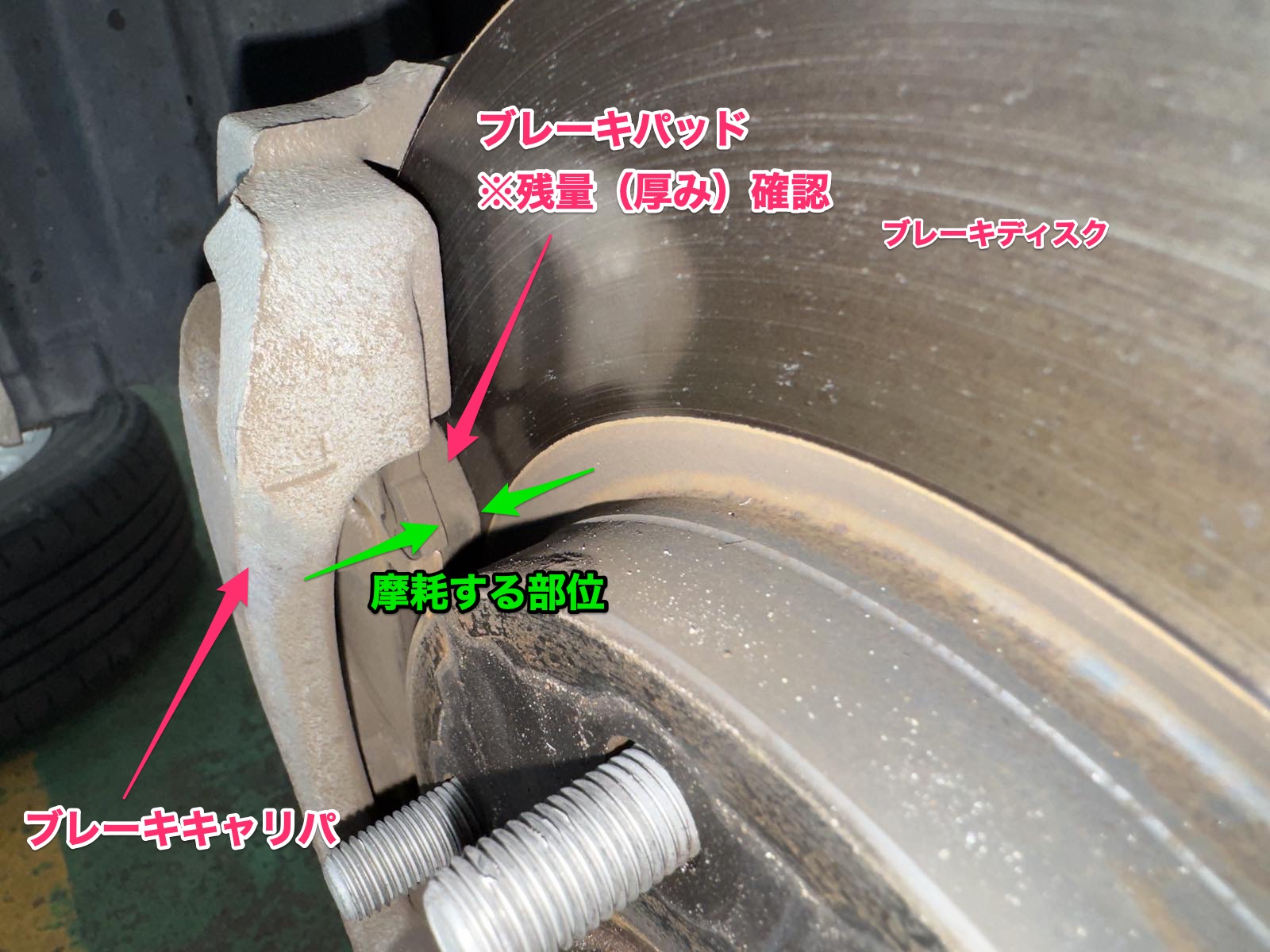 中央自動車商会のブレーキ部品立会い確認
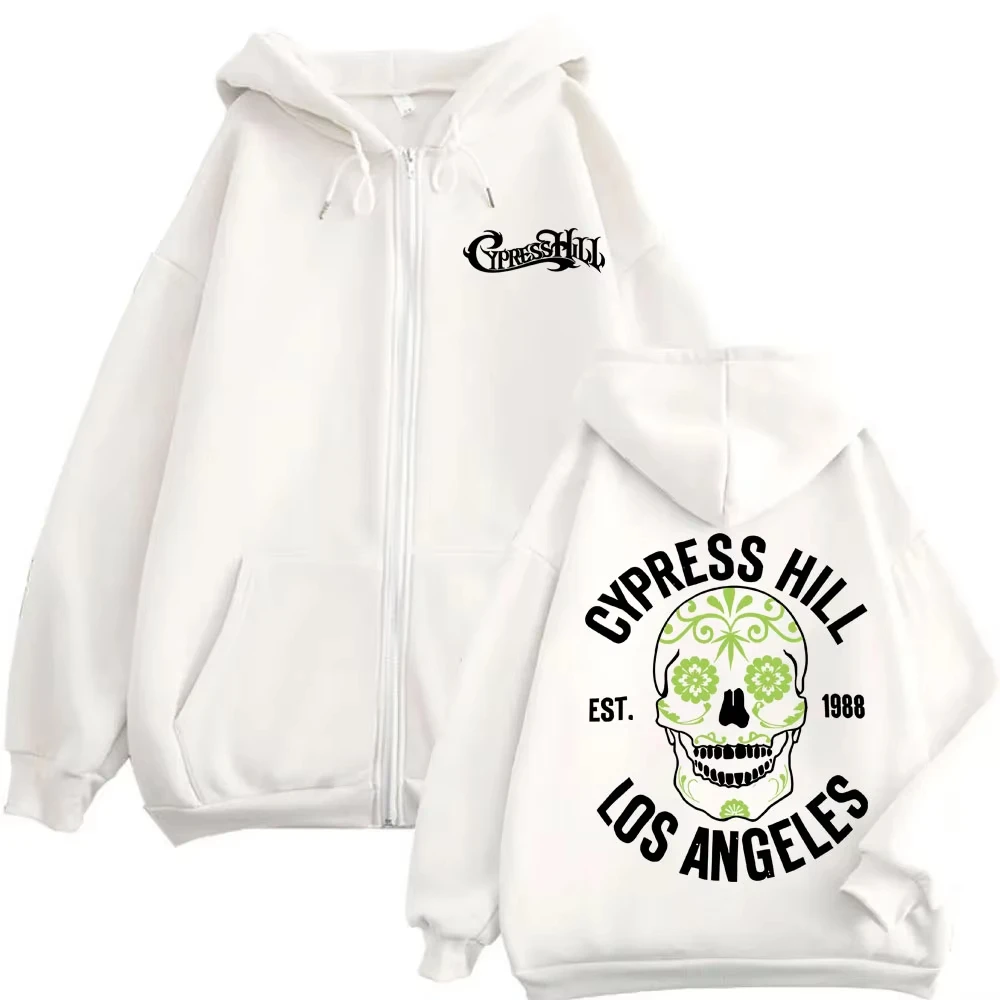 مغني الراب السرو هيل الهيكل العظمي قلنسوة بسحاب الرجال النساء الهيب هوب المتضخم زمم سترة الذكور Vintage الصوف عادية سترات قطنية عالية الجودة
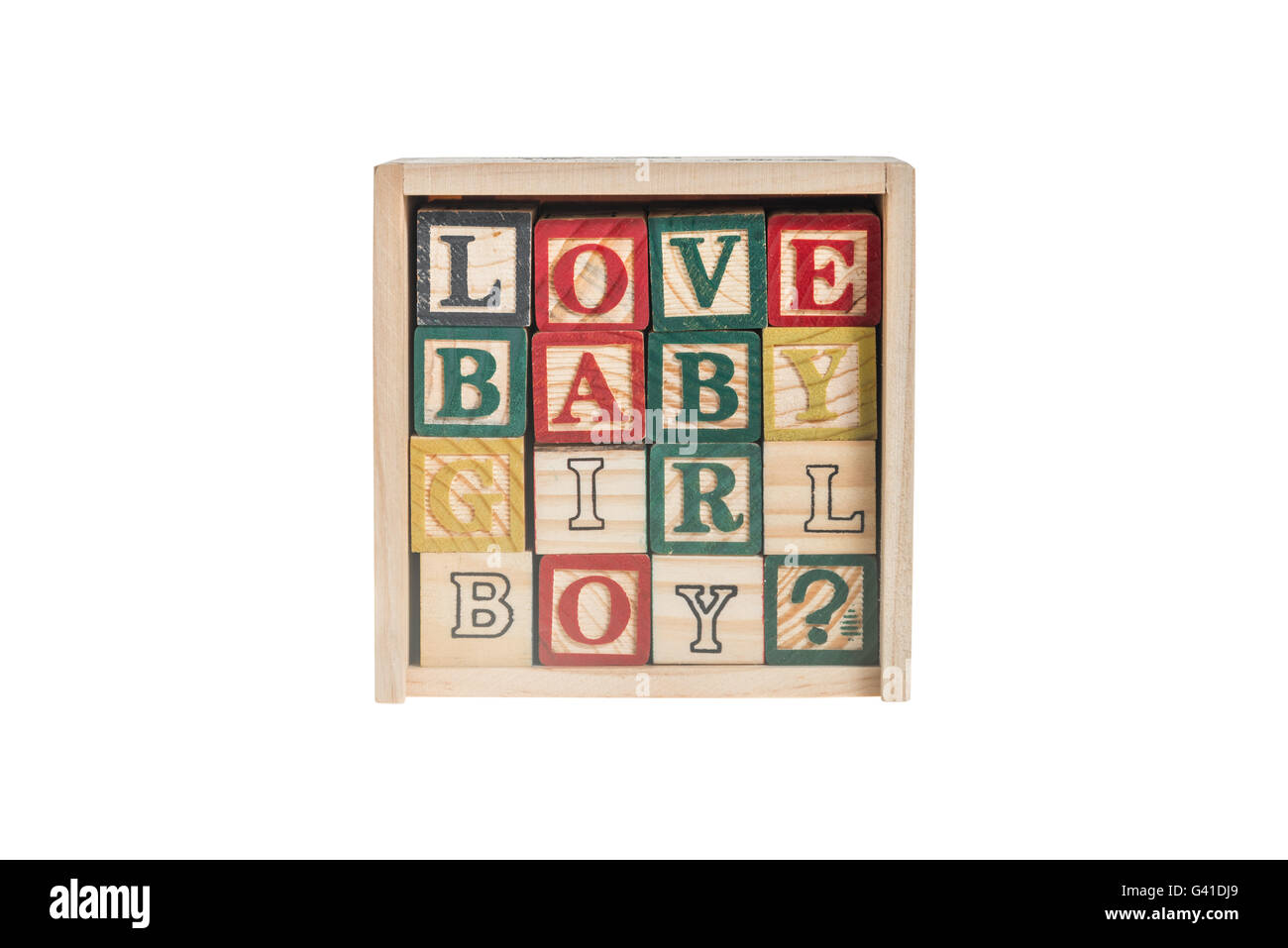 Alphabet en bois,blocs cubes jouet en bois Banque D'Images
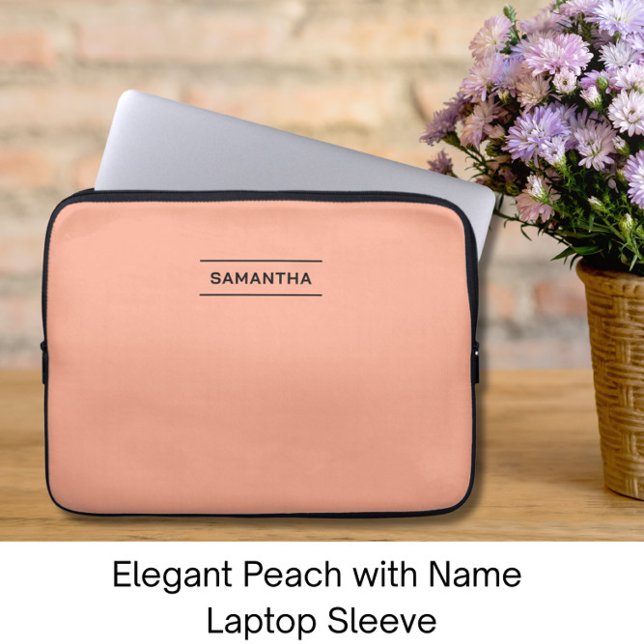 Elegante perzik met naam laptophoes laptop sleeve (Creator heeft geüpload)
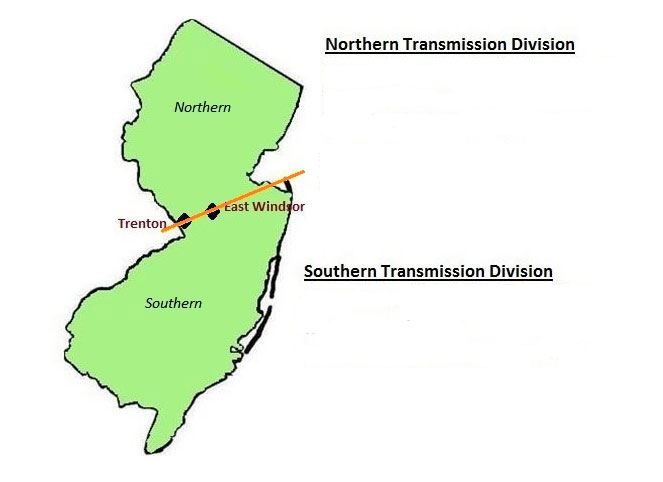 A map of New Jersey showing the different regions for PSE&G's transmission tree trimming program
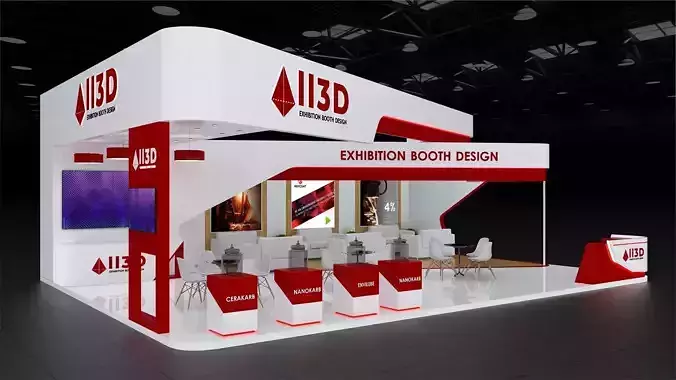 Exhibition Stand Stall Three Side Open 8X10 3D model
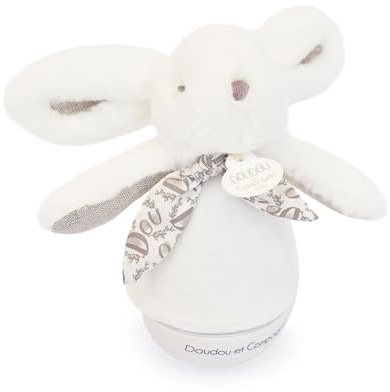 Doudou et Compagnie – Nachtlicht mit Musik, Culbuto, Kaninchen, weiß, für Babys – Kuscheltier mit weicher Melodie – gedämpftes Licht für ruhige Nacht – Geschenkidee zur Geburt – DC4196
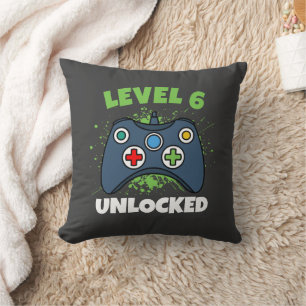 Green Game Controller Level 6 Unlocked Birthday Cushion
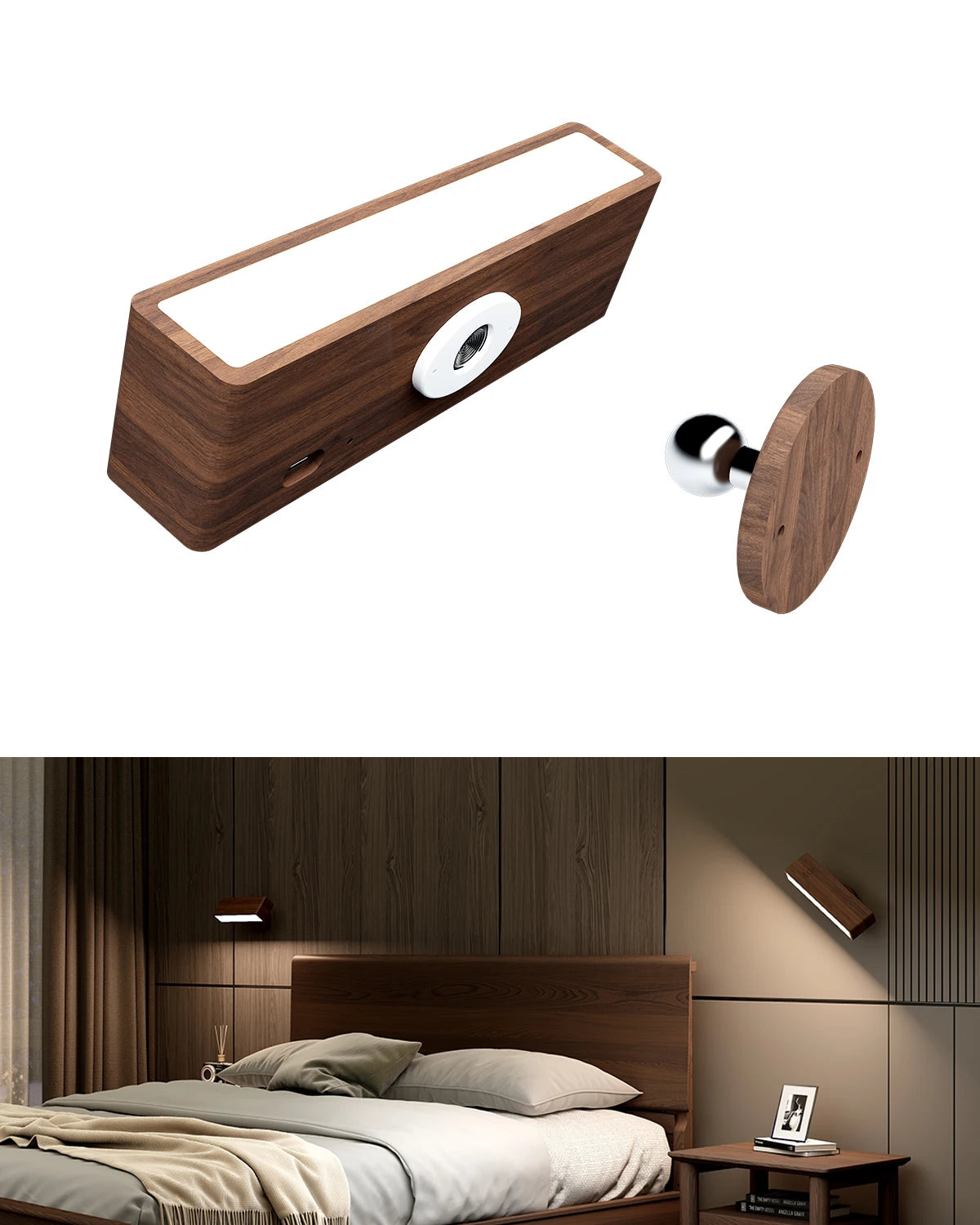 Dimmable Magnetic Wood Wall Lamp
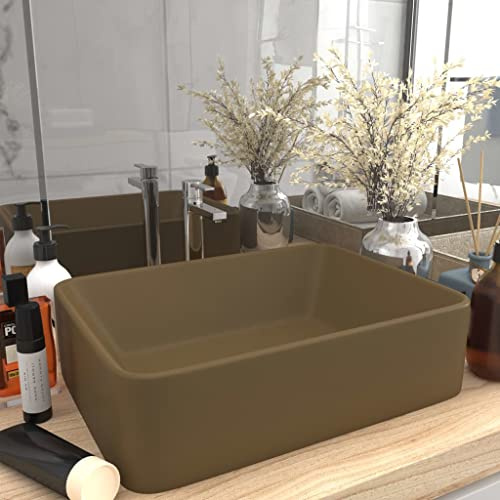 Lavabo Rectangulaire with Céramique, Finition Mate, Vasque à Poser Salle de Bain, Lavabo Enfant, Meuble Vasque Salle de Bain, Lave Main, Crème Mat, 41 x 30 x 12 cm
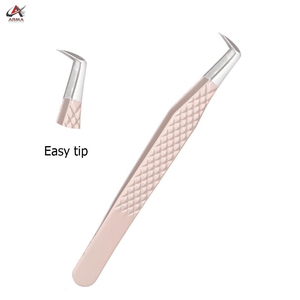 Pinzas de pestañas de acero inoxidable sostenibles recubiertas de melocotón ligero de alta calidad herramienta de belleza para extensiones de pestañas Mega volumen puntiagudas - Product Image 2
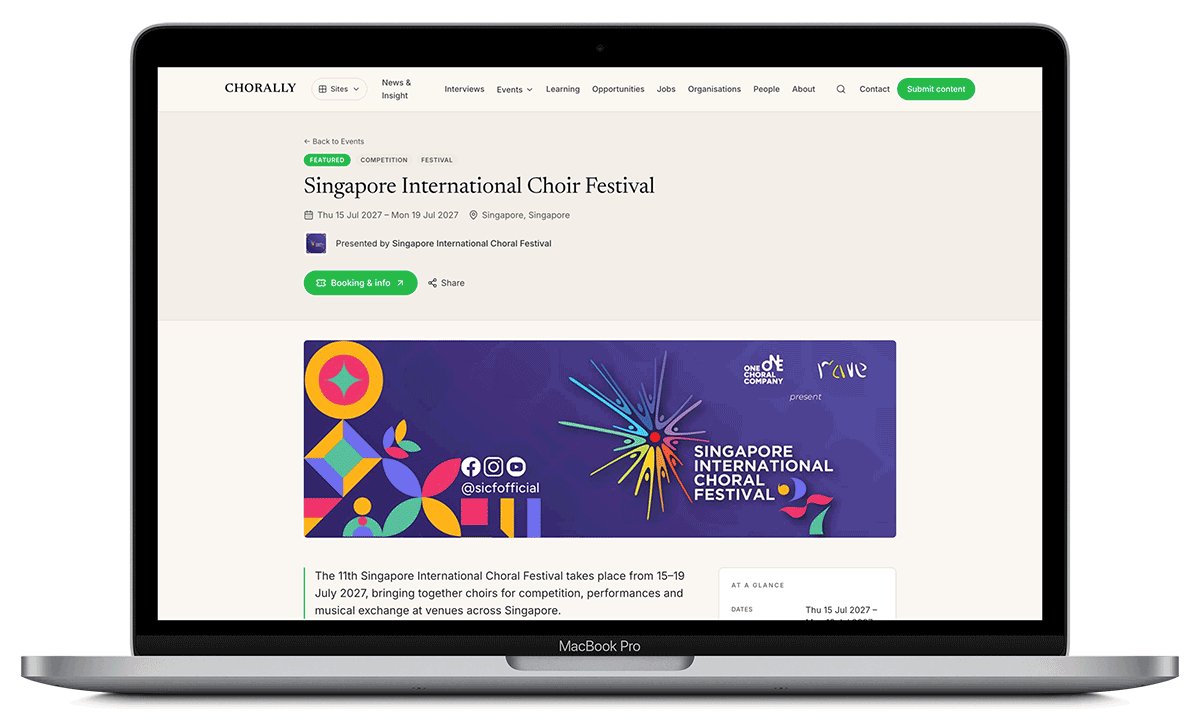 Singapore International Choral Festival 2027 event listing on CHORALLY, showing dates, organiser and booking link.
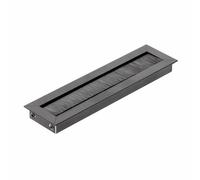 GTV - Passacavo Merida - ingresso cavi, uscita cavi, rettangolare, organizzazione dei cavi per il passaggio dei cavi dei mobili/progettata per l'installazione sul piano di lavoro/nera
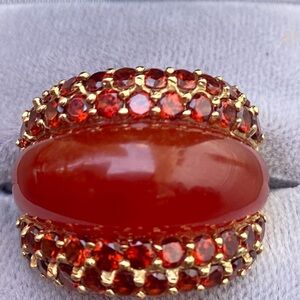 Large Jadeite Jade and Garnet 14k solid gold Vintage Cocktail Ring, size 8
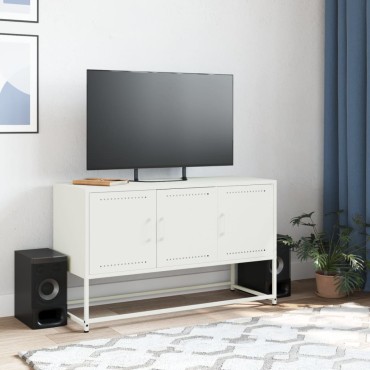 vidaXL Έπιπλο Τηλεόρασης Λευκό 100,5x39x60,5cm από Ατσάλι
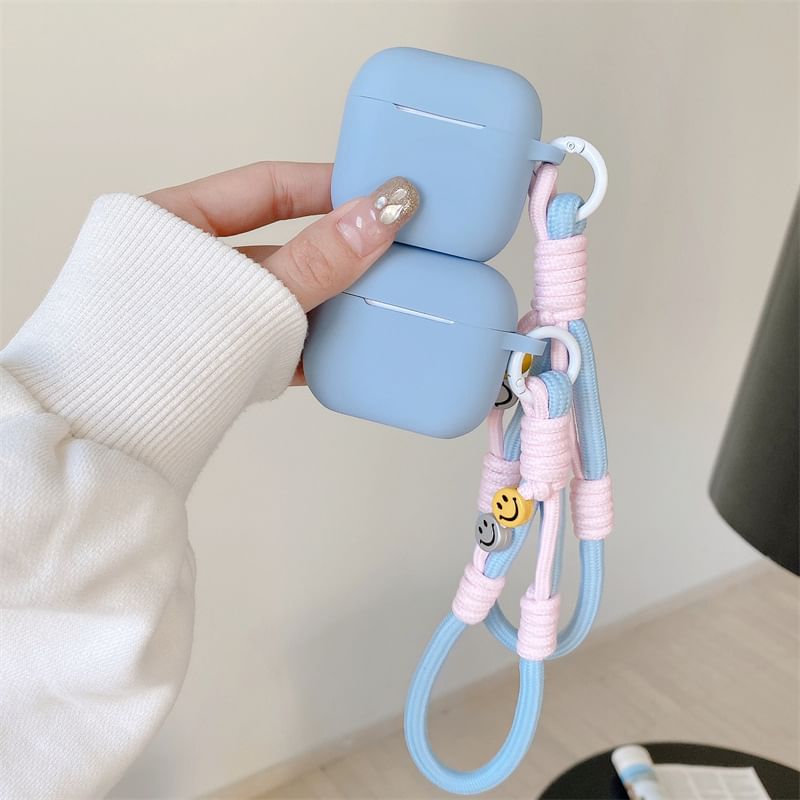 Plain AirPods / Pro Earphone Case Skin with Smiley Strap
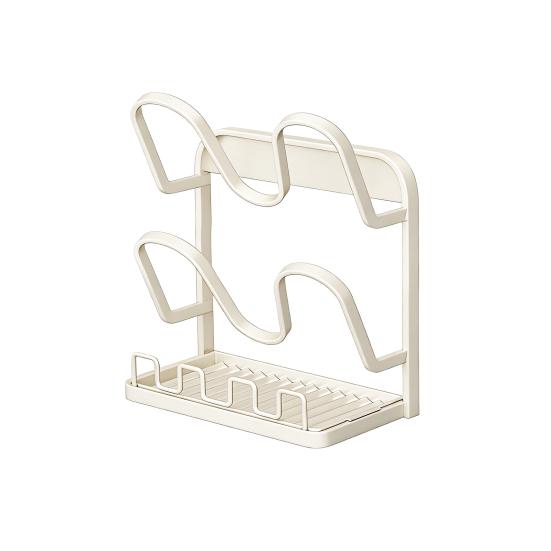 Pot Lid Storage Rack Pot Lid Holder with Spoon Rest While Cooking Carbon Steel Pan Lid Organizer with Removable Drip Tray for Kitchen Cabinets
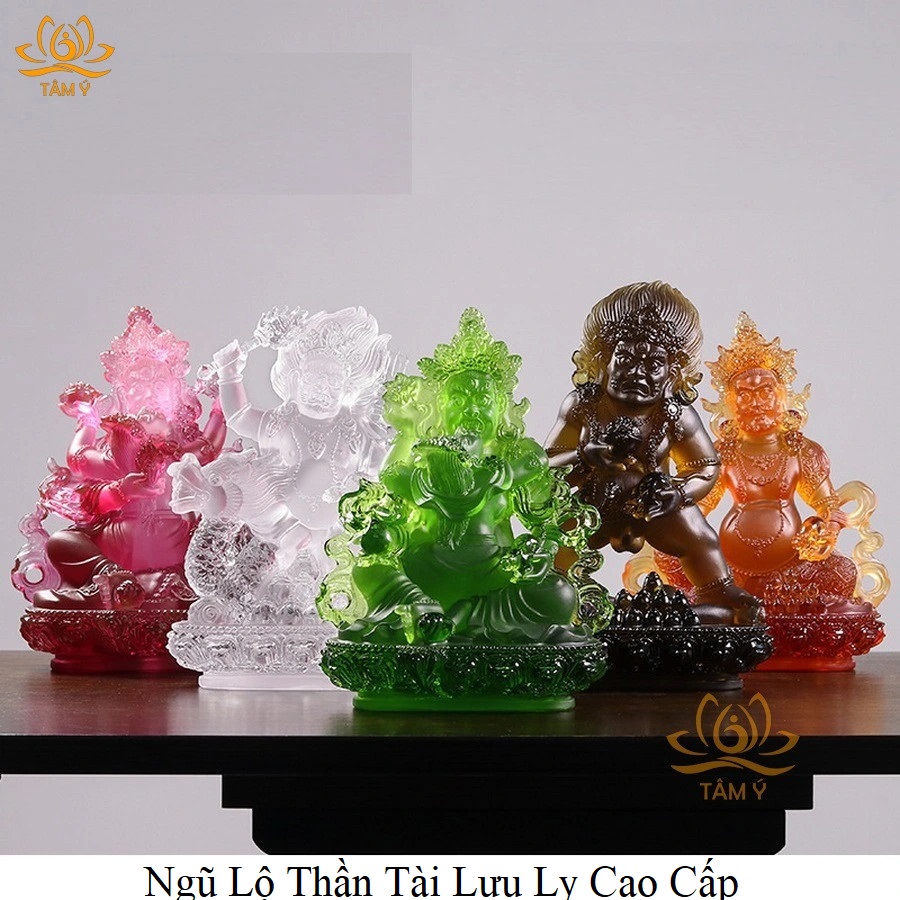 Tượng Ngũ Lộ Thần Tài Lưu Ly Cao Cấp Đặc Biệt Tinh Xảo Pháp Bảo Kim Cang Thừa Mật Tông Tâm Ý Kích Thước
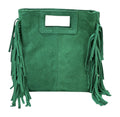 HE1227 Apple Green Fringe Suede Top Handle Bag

┄┄┄┄┄┄

WHAT THE TASK ASKS: Lines from the one holding "Lavabo Rectangulaire with" to the end of the data, both ends included, are to be given again exactly; no pictures belong in the copy.

TASK ANSWER:
 Lavabo Rectangulaire with Céramique, Finition Mate, Vasque à Poser Salle de Bain, Lavabo Enfant, Meuble Vasque Salle de Bain, Lave Main, Crème Mat, 41 x 30 x 12 cm
 Pinzas de pestañas de acero inoxidable sostenibles recubiertas de melocotón ligero de alta calidad herramienta de belleza para extensiones de pestañas Mega volumen puntiagudas - Product Image 2
 Singapore International Choral Festival 2027 event listing on CHORALLY, showing dates, organiser and booking link.
 GTV - Passacavo Merida - ingresso cavi, uscita cavi, rettangolare, organizzazione dei cavi per il passaggio dei cavi dei mobili/progettata per l'installazione sul piano di lavoro/nera
 Large Jadeite Jade and Garnet 14k solid gold Vintage Cocktail Ring, size 8
 vidaXL Έπιπλο Τηλεόρασης Λευκό 100,5x39x60,5cm από Ατσάλι
 Plain AirPods / Pro Earphone Case Skin with Smiley Strap
 Pot Lid Storage Rack Pot Lid Holder with Spoon Rest While Cooking Carbon Steel Pan Lid Organizer with Removable Drip Tray for Kitchen Cabinets
 Tượng Ngũ Lộ Thần Tài Lưu Ly Cao Cấp Đặc Biệt Tinh Xảo Pháp Bảo Kim Cang Thừa Mật Tông Tâm Ý Kích Thước
 HE1227 Apple Green Fringe Suede Top Handle Bag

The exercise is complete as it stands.